I am turned down occasionally. But there is never a need for “tact.” This is a case for clear communication and understanding. Romeo and I worked through our frequency disparity like everything else, through communication. Not by avoiding it, not by coming up with excuses, no matter how tactful they are. Not by dismissing it as only one partner’s issue. We communicated both our wants and needs to each other. We saw where they were out of sync. We discussed why. We clearly differentiated the wants/needs. That’s a very important step. I once shared with you that for me I have a one orgasm minimum daily requirement. That isn’t about what I’d like to happen, but rather what it physically takes for my body to be calm enough to focus on other things, ie. sleep. Being able to communicate that clearly to Romeo helped us understand where we were both at.
While writing this, Romeo and I even stopped to debate the term sex drive. How would you define it? Is sex drive your wants or your needs? We decided, for the purpose of this discussion, that it is the sum total of your wants and needs.
Did you notice how all the articles are related to men having the higher sex drive? I’m positive I’m not the only woman who has the higher sex drive in their relationship, and yet there’s not a single article written discussing that duality?
When I searched for articles discussing males with lower sex drives, I primarily found articles relating to erectile dysfunction. An actual physical problem. Again, I dare you. Research it. You’re going to find ten different ways to say erectile dysfunction without actually saying it. At least as represented by the articles written about men with lower sex drives, low libido always has to equal erectile dysfunction? Whereas all the articles with women having the lower sex drive mentioned, primarily, mental and pyschological issues.
If women don’t want sex, it’s mental, if men don’t want it, it’s physical. Very few exceptions. Who made this rule? And why is it that what’s being written out there about this issue perpetuating that?
Let’s use Romeo as an example. He has no physical issues. This man can get hard at the drop of a hat. He’s an instance where the pressures of life, usually work, weigh so heavily upon him that he can’t mentally change tracks to get on board.
The inverse, I have a few girl friends that have expressed true physical issues that make sex so uncomfortable that the idea of it has become anathema. They would love to have “normal” healthy sex drives, but are impaired physically to the point of turning them off of sex.
Okay, so that really leads us back to the beginning. What are you missing if your sex drive is at odds with your partner’s?
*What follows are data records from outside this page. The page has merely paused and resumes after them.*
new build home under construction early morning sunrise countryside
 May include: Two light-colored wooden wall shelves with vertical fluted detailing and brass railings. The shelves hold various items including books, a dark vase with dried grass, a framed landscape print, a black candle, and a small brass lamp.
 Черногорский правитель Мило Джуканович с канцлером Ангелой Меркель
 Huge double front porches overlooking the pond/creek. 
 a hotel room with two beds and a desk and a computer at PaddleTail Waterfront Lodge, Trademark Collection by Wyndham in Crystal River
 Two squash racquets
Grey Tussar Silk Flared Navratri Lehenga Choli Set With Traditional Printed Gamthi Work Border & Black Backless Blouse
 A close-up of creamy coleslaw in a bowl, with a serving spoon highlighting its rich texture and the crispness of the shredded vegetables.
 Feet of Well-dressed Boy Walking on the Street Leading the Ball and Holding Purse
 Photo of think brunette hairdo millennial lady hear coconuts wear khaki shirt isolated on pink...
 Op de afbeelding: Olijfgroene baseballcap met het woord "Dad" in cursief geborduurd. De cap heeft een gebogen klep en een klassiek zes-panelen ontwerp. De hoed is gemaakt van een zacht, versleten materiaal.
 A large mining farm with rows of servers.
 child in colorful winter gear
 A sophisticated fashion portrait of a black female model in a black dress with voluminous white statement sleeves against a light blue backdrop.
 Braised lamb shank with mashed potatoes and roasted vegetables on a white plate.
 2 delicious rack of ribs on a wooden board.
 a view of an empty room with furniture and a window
For those of you with primarily physical issues, please consult a doctor. And those with mental. Let’s consider a few things. Sex with a partner isn’t just about sex. It’s about physical intimacy, bonding, vulnerability. All things that are key in successful relationships. So when you’re turning down sex, no matter how it’s done, you’re not giving your relationship the food it needs to grow. I get it, not everyone is in the mood for intercourse all the time. There are other ways to be intimate physically without going all the way. Discuss these potential concessions with your partner to figure out what works best for you. Don’t just take it off the table all together.